[Assigned task] Without any images, output the records below verbatim.

Web page caption snippets

══════════════════════════════

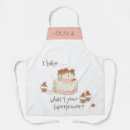 Search for whats your superpower aprons Baking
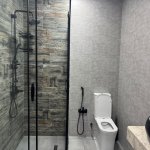 Kirayə (günlük) 4 otaqlı Yeni Tikili, Xətai metrosu, Ağ şəhər, Xətai rayonu 17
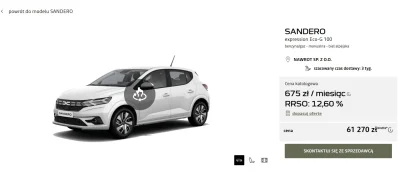 ArtBB - Co myślicie o takim aucie? Ceny roboczogodziny w mechaników w okolicy sięgają...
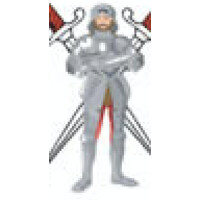 MMORPG Goods logo - Similar company to Mmorpg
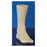 STS Company Casting Sock Polyester - 902-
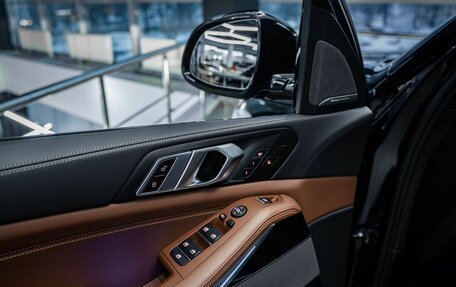 BMW X5, 2025 год, 15 299 000 рублей, 17 фотография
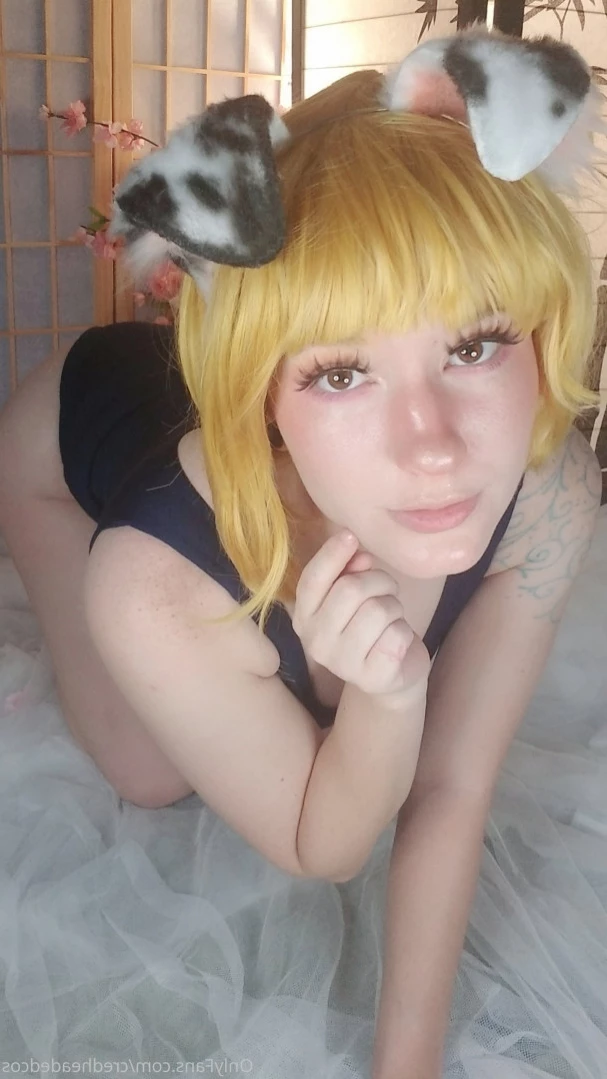 Caught Redheaded [ caught_red_headed ] Onlyfans leaked photo 12591448 on Hotleaks.tv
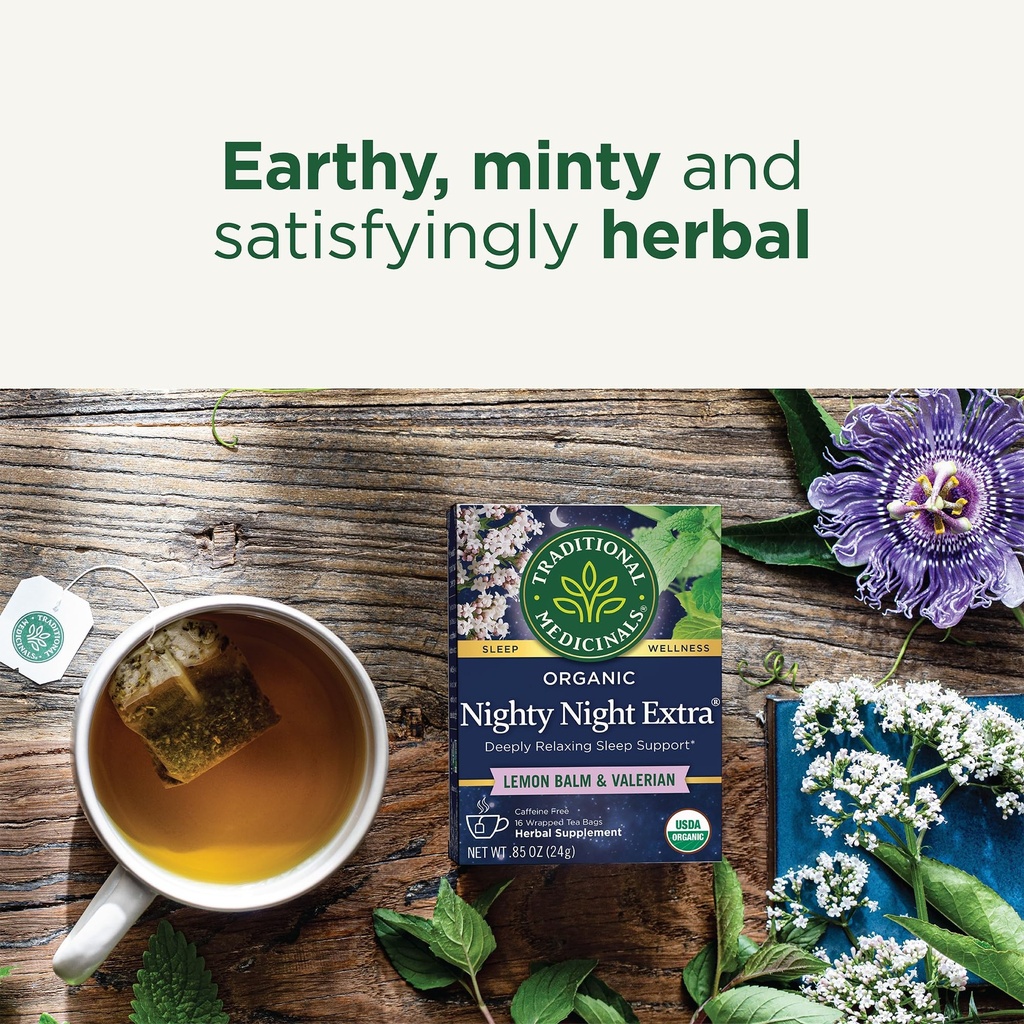 traditional-medicinals-organic-nighty-ni-4.jpg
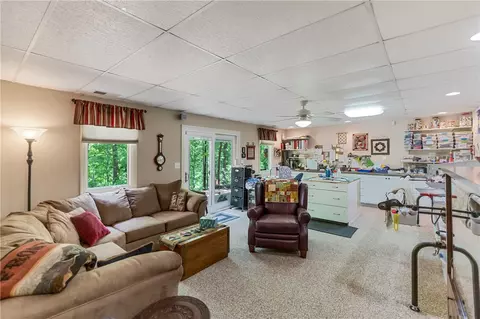 31 Commodore Dr, Salem, SC 29676 photo 29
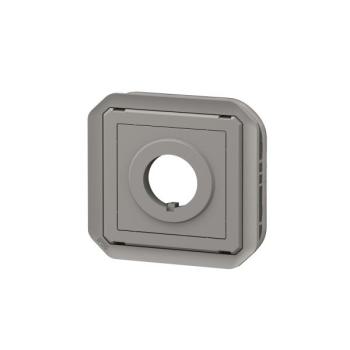  ADAP FONCTION OSMOZ GRIS COMPO 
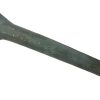 Diente de rastra gir. I Tulip 382 mm 3 Diente de rastra gir. I Tulip 382 mm
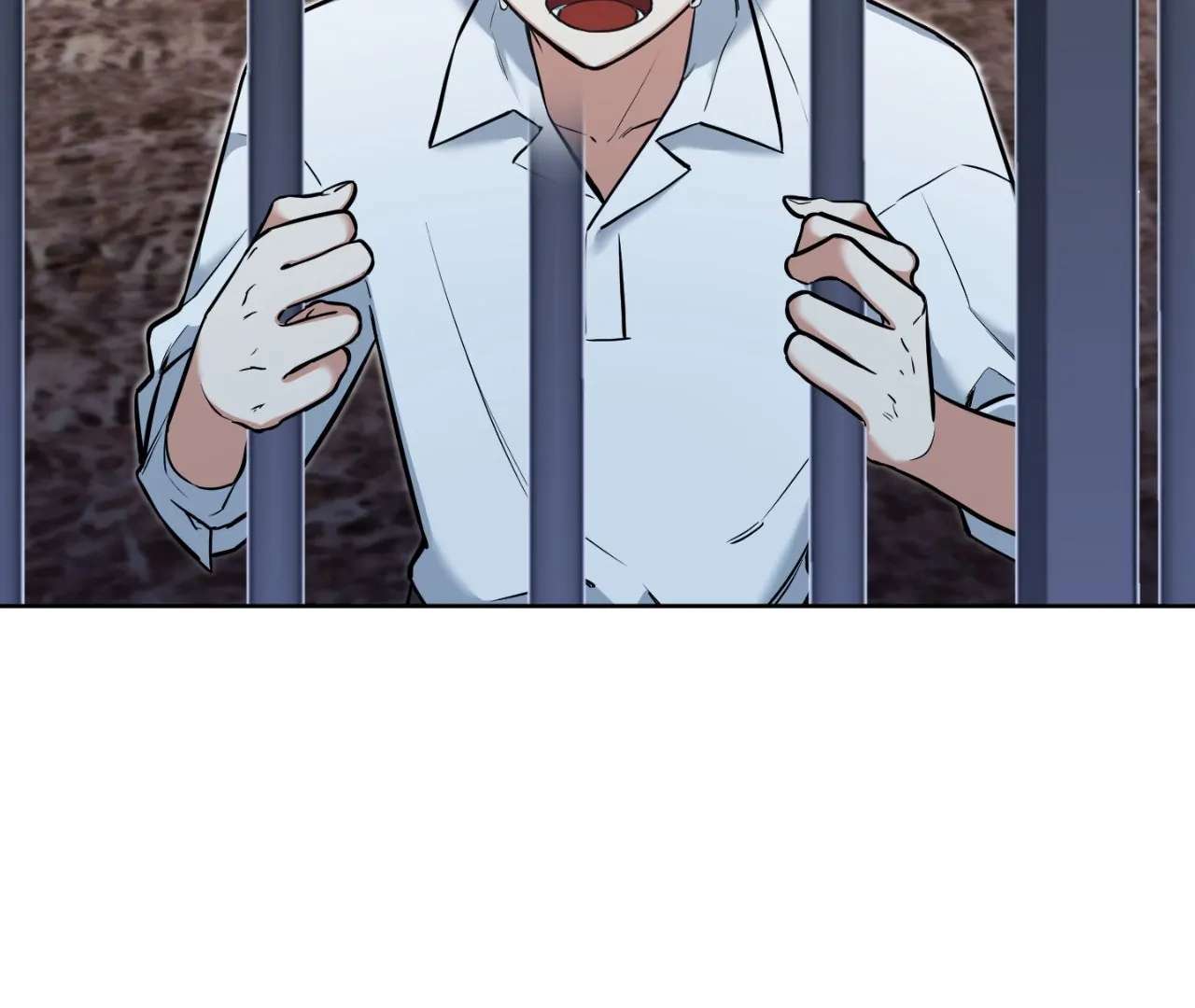 May as Well Get the Best Ending Chapter 8 page 95 - 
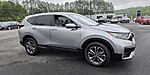 Used 2022 Honda CR-V EX-L in MARTINSVILLE, VIRGINIA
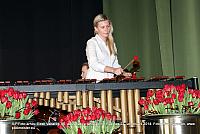 IMG 8067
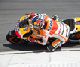 MotoGP: Второй день вторых тестов в Сепанге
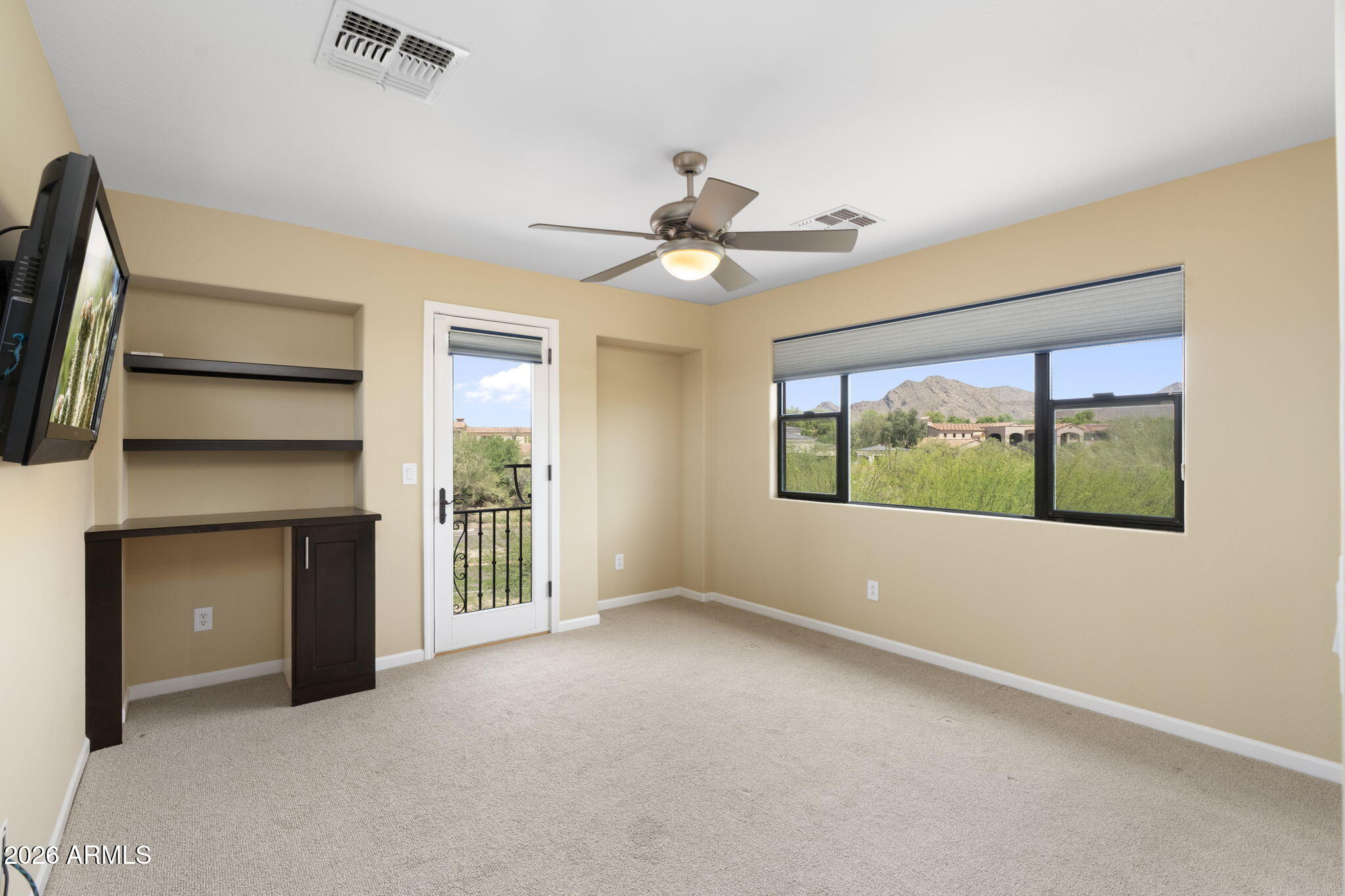 18650 N THOMPSON PEAK Parkway 1006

══════════════════════════════

[Output below]
 Search for whats your superpower aprons Baking
 Kirayə (günlük) 4 otaqlı Yeni Tikili, Xətai metrosu, Ağ şəhər, Xətai rayonu 17
 ArtBB - Co myślicie o takim aucie? Ceny roboczogodziny w mechaników w okolicy sięgają...
 MMORPG Goods logo - Similar company to Mmorpg
 STS Company Casting Sock Polyester - 902-
 BMW X5, 2025 год, 15 299 000 рублей, 17 фотография
 Caught Redheaded [ caught_red_headed ] Onlyfans leaked photo 12591448 on Hotleaks.tv
 traditional-medicinals-organic-nighty-ni-4.jpg
 31 Commodore Dr, Salem, SC 29676 photo 29
  ADAP FONCTION OSMOZ GRIS COMPO 
 Diente de rastra gir. I Tulip 382 mm 3 Diente de rastra gir. I Tulip 382 mm
 May as Well Get the Best Ending Chapter 8 page 95 - 
 Used 2022 Honda CR-V EX-L in MARTINSVILLE, VIRGINIA
 IMG 8067
 MotoGP: Второй день вторых тестов в Сепанге
 18650 N THOMPSON PEAK Parkway 1006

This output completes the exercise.